Experience and motivation
Vickrey said the circuit clerk’s office requires certain job skills, namely the office holder should have a history of producing an office work product that is neat, well-organized and punctual.
More than 20,000 cases per year are filed in La Salle County courts requiring the office holder to have a history of rigorous workflow planning and analytical skills related to an office environment, he said.
He outlined a management philosophy of “shared governance” that borrows principles of private business that can be applied to the circuit clerk’s office that fits criteria described under collective bargaining negotiations.
“Personally, my happiest days are when I am behind a desk with a pile of papers and get to spend all day processing paperwork,” he said. “In short, I love paperwork and love being a clerk.”
He is in his second term as Peru Township Clerk as well as his previously mentioned seat on the county board.

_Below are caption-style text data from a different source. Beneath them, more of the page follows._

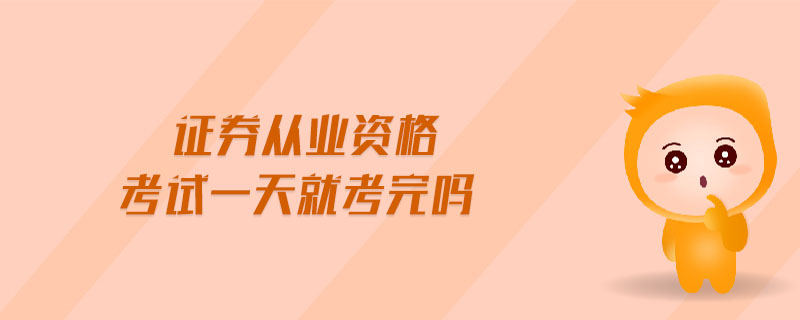 證券從業(yè)資格考試一天就考完嗎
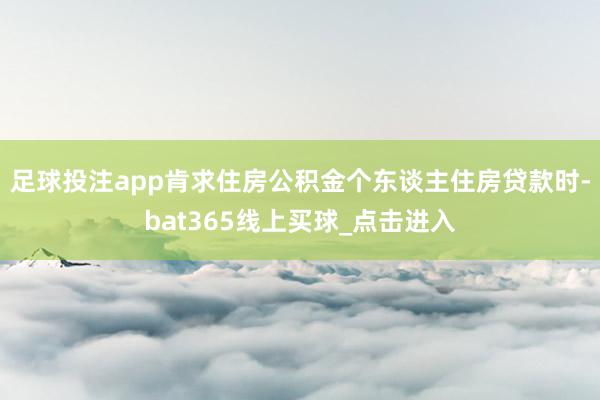 足球投注app肯求住房公积金个东谈主住房贷款时-bat365线上买球_点击进入
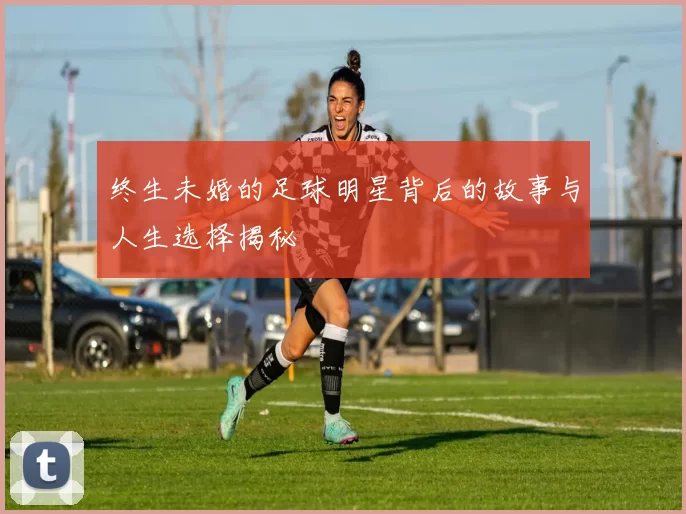 终生未婚的足球明星背后的故事与人生选择揭秘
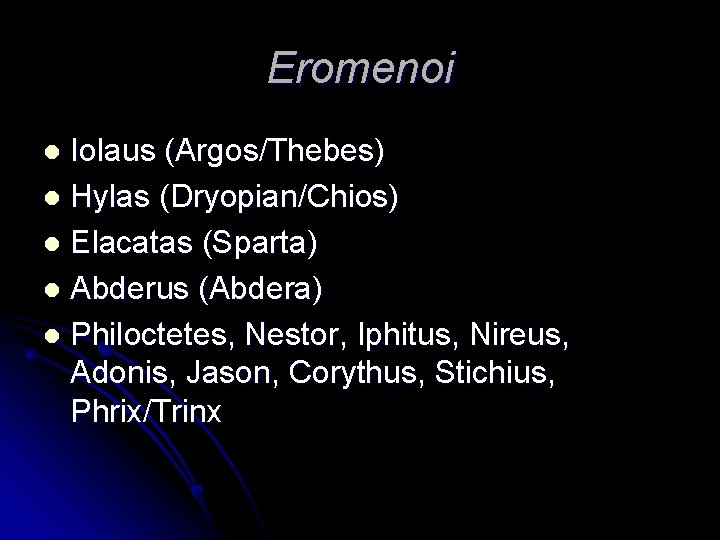 Eromenoi Iolaus (Argos/Thebes) l Hylas (Dryopian/Chios) l Elacatas (Sparta) l Abderus (Abdera) l Philoctetes,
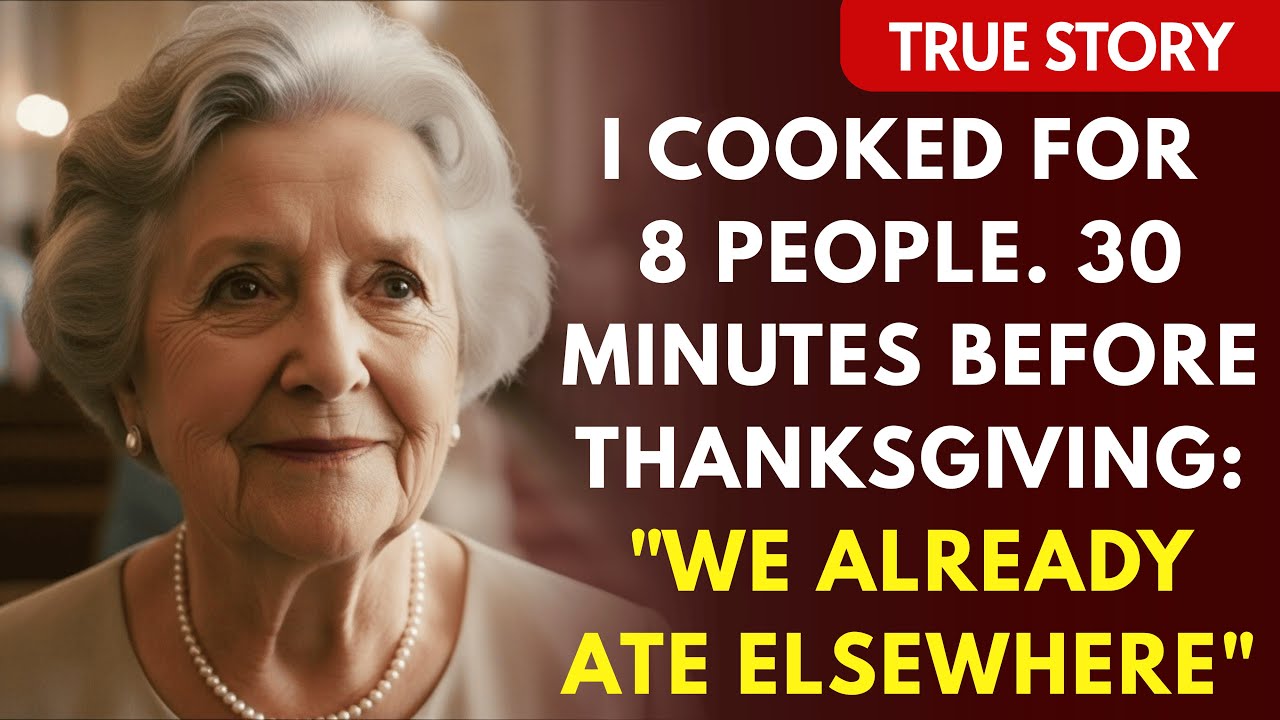 I Cooked Thanksgiving for 8 People. 30 Minutes Before Dinner, My Daughter-In-Law Called: 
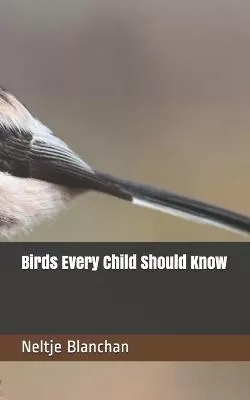 Birds Every Child Should Know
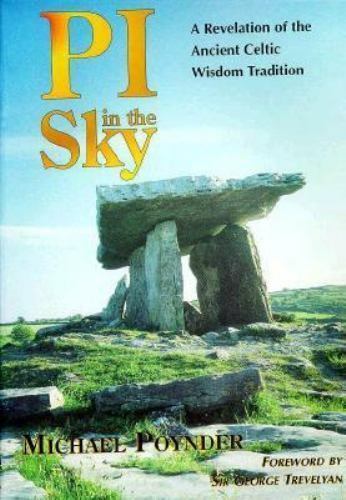 Pi in the Sky: A Revelation of the Ancient Celtic Wisdom Tradition (Paperback)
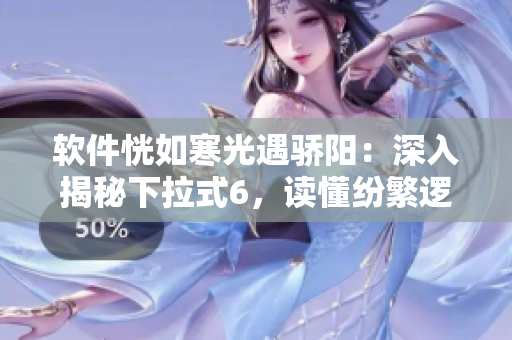 软件恍如寒光遇骄阳：深入揭秘下拉式6，读懂纷繁逻辑！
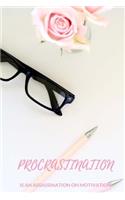 Procrastination is an Assassination on Motivation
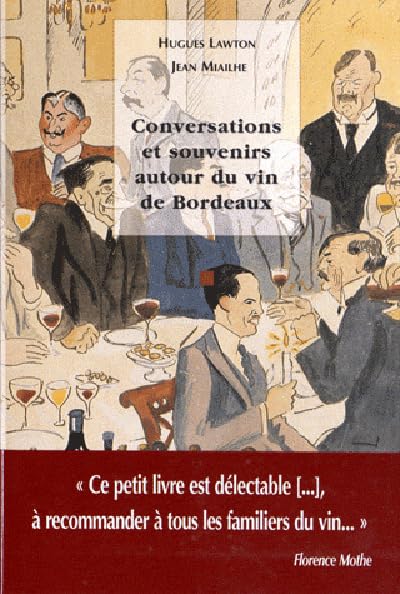 Conversations et souvenirs autour du vin de Bordeaux 9782910550684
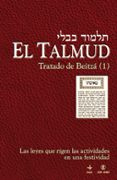 EL TALMUD (VOL. 8): TRATADO DE BEITZA I di VV.AA. 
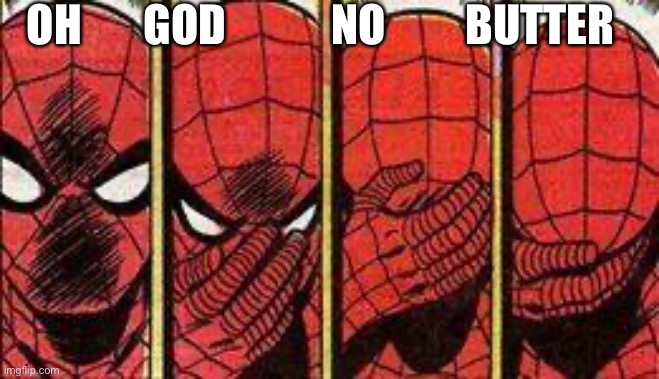 Spider-Man face palm | OH       GOD            NO         BUTTER | image tagged in spider-man face palm | made w/ Imgflip meme maker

Vickrey cites his background and experience in office settings and office management as the main difference between him and Skoog.
“To be able to work with over 30 people in two locations, 2½ miles apart, with approximately one-half of the employees being union members of AFSCME Local 978 requires the kind of background and experience that only comes with being in an office environment for many years,” he said. “In this contest, experience is the difference because experience does make a difference.”
Vickrey said would like to borrow some principles of business and apply them to the office while maintaining the current “shared governance” work rules system already set in place through the union employee contract.
“In office management we always look for ways to streamline office procedures on a daily basis,” he said. “Big opportunities seldom come, but small opportunities surround us daily and we should always be looking for ways to improve. Fresh eyes always see something new.
“We should capture the best ideas possible by talking to the people that actually do the job,” he added.
Additionally, Vickrey said he would most likely only serve two terms.
On the trail
Vickrey, like his opponent, has spent a lot on this campaign. Both candidates have purchased billboards, front page newspaper advertisements, and have gone door-to-door in search of votes.
Vickrey said he and his wife, Barbara, have lived a simple lifestyle so they can take advantages of great opportunities when they come along and to be able to give back to the community.
And the circuit clerk’s office could be one of those great opportunities, he said.